**Task to carry out:** The entries below contain pictures, which are to be left out; write out exactly, and only, the lines from the line with "1000L beer brewing system" up to and including the line with "Сasa de vacaciones Tía Carmen O Pindo".

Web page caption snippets
------------------------------------------------------------

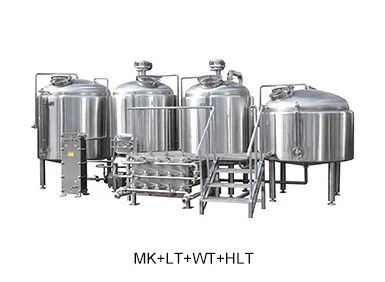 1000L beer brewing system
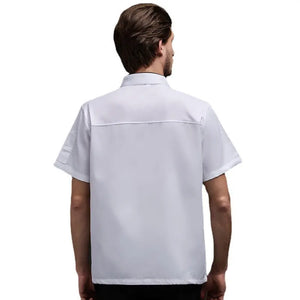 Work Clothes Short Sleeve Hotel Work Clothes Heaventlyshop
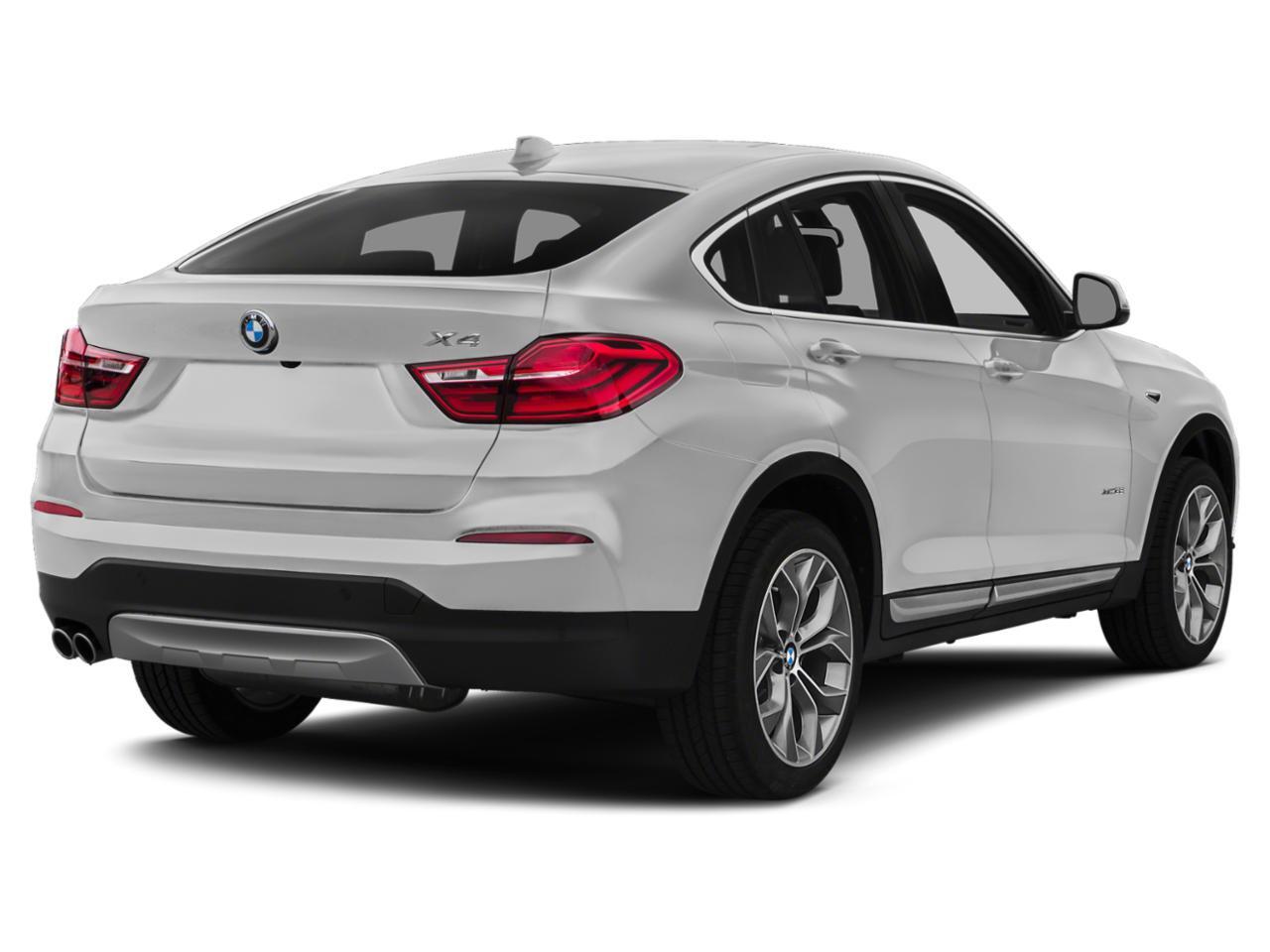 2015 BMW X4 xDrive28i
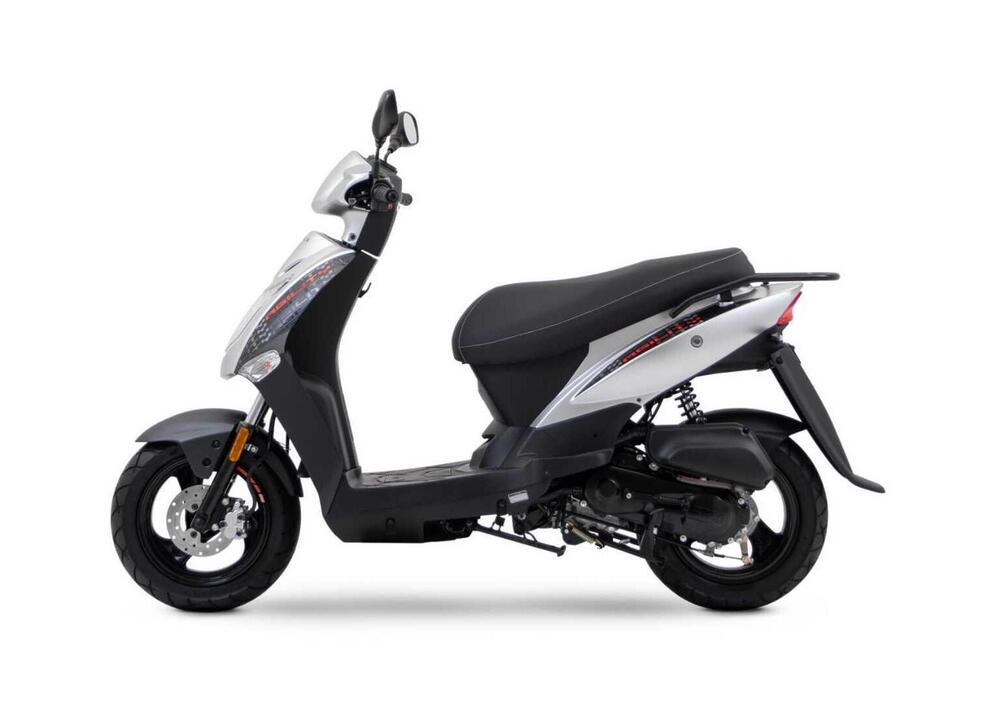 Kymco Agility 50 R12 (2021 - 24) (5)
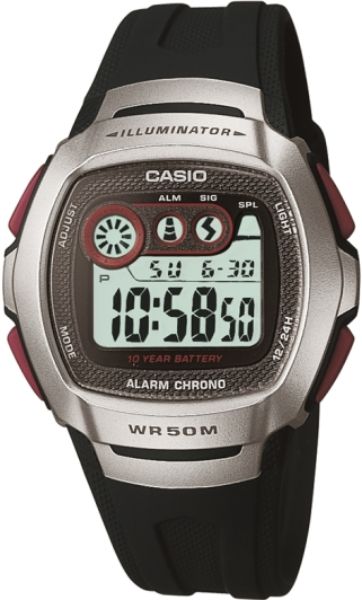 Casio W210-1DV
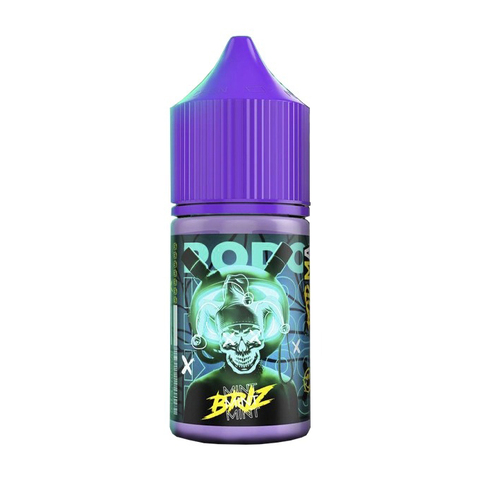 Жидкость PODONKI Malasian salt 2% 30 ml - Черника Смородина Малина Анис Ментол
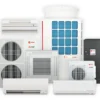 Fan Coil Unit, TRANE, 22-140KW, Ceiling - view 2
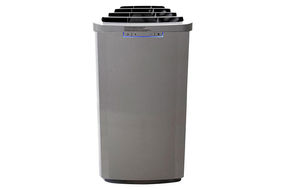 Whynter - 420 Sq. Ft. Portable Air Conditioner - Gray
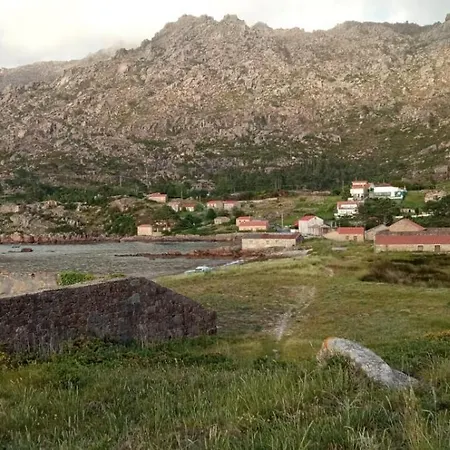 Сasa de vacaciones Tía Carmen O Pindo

------------------------------------------------------------

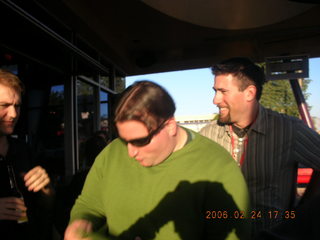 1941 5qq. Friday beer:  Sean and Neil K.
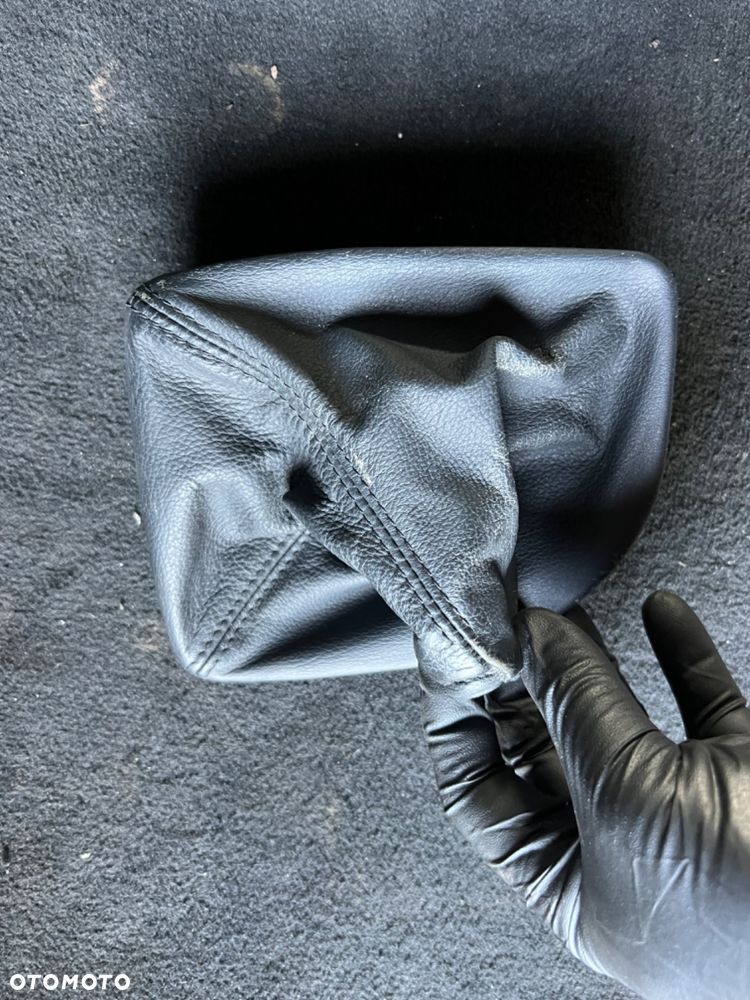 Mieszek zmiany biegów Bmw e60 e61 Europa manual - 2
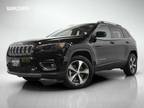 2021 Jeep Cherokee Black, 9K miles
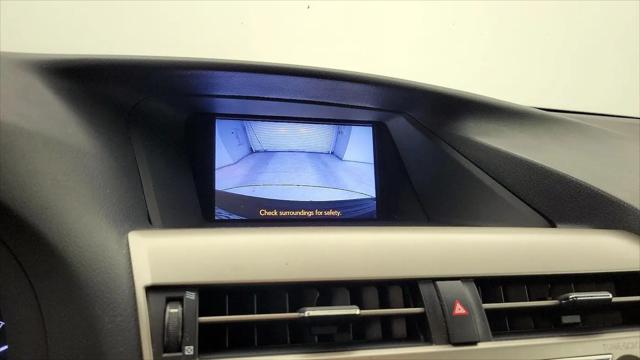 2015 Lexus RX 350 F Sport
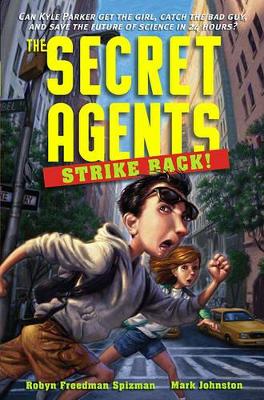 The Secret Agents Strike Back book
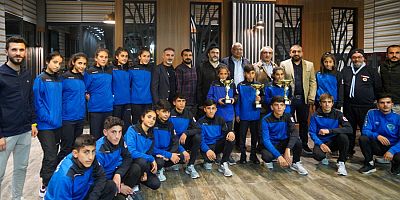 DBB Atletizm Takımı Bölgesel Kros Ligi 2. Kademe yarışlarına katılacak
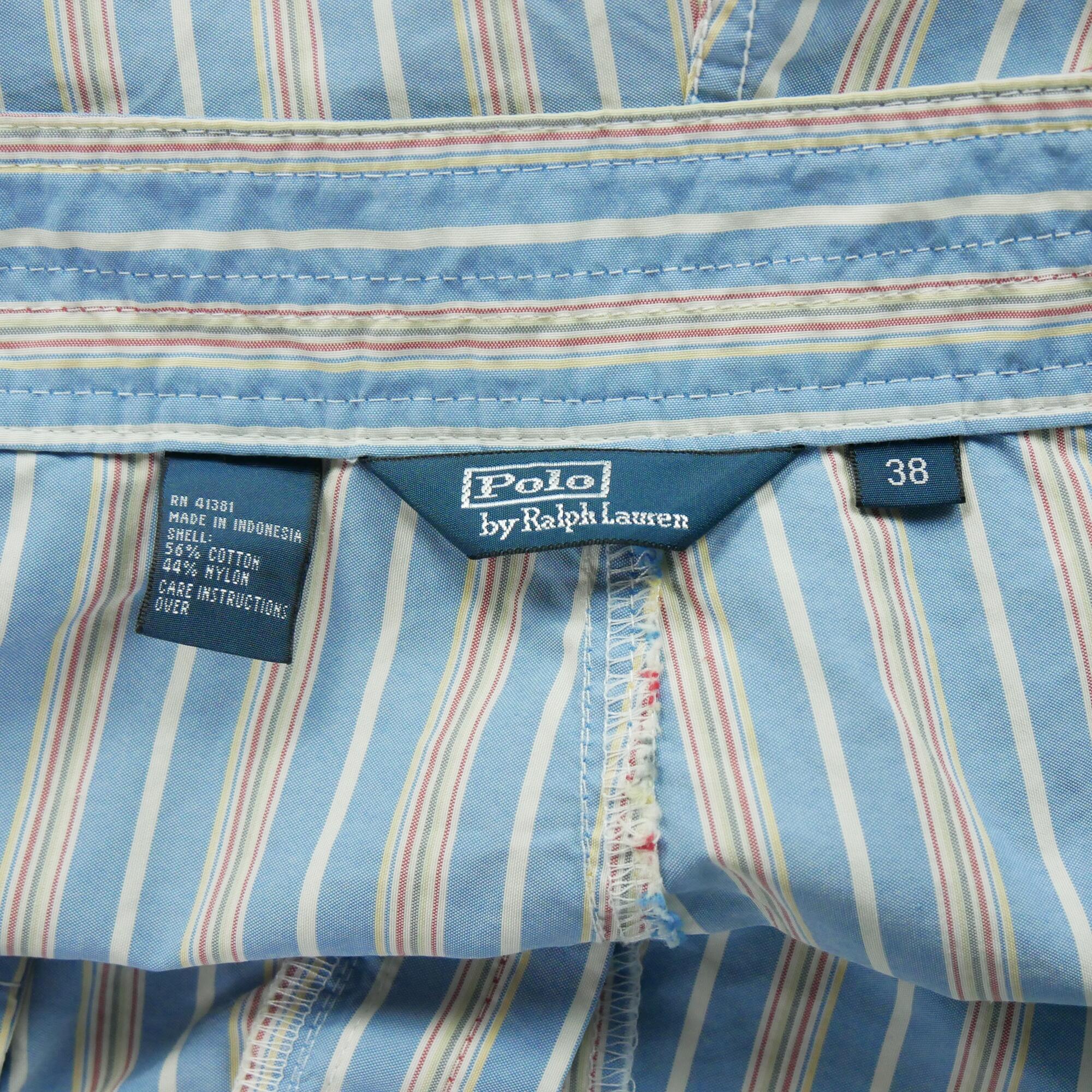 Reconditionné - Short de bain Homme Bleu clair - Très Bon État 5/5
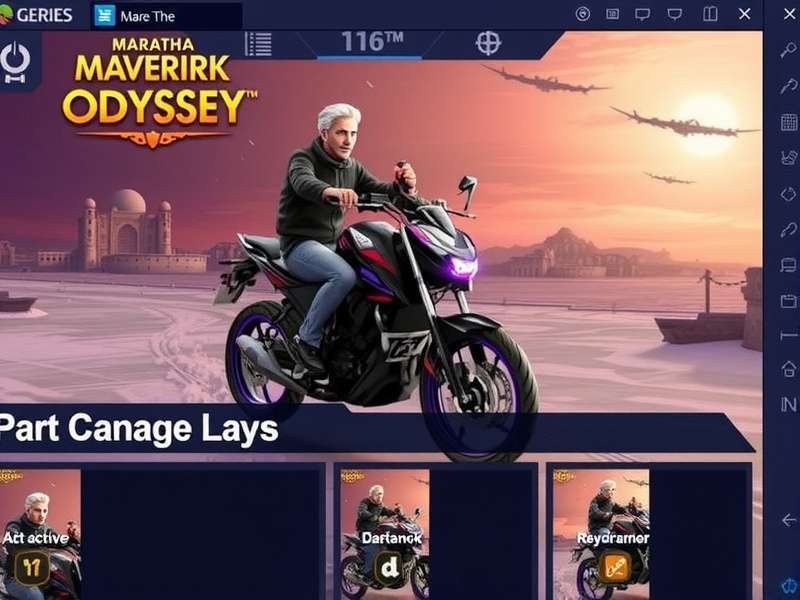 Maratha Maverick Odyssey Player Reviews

------------------------------------------------------------

**Result of this exercise:**
 1000L beer brewing system
 Work Clothes Short Sleeve Hotel Work Clothes Heaventlyshop
 2015 BMW X4 xDrive28i
 Kymco Agility 50 R12 (2021 - 24) (5)
 Casio W210-1DV
 Жидкость PODONKI Malasian salt 2% 30 ml - Черника Смородина Малина Анис Ментол
 Fan Coil Unit, TRANE, 22-140KW, Ceiling - view 2
 Whynter - 420 Sq. Ft. Portable Air Conditioner - Gray
 Сasa de vacaciones Tía Carmen O Pindo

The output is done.